3 Projects Well Suited For

3.1 Create resources for people working with spreadsheets in R

What better way to show I am suited for a project than to give a hands-on example? See the code below for a use-case using googlesheets4(Bryan 2020).

First I will go ahead and import every package in the tidyverse(Wickham 2019):

library(tidyverse)

We will be importing the following spreadsheet:

spreadsheet_url <- "https://docs.google.com/spreadsheets/d/1_zRBFrB1au7qhxuDDfDuh_bPLGd6RLrwOL5oQ3sBBX4/edit?usp=sharing"

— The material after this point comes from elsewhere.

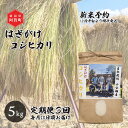 【ふるさと納税】 《先行予約》＜定期便3回＞ 米 5kg 新潟県産 コシヒカリ はざ掛け 天日干し 令和6年産 越後奥阿賀産 | 小会瀬 はざがけ こしひかり 一等米 送料無料 お取り寄せ お米 白米 精米 ※2024年10月中旬頃より順次発送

Before importing the data, let’s use tictoc (Izrailev 2014) to measure how long each step takes. I am using tic() to start the time for both the total execution time and for the step reading the data in. After importing the data we will run toc() to get the execution time for that step.

library(tictoc)
tic('Total section 3 runtime')
tic('Read googlesheets data')

Now let’s import the googlesheets4 and read a spreadsheet I made for this internship application, specifying the sheet called coinmetrics_preview inside the function read_sheet():

library(googlesheets4)
googlesheets_data <- read_sheet(spreadsheet_url, sheet = 'coinmetrics_preview') %>% as.data.frame() # won't work with Github Actions
toc()
## Read googlesheets data: 48.4 sec elapsed

Let’s take a peek at the first 1,000 rows using DT::datatable() (Xie, Cheng, and Tan 2019)

library(DT)
datatable(head(googlesheets_data,1000),  style = "default", 
          options = list(scrollX = TRUE, pageLength=5,dom='t'), rownames = F)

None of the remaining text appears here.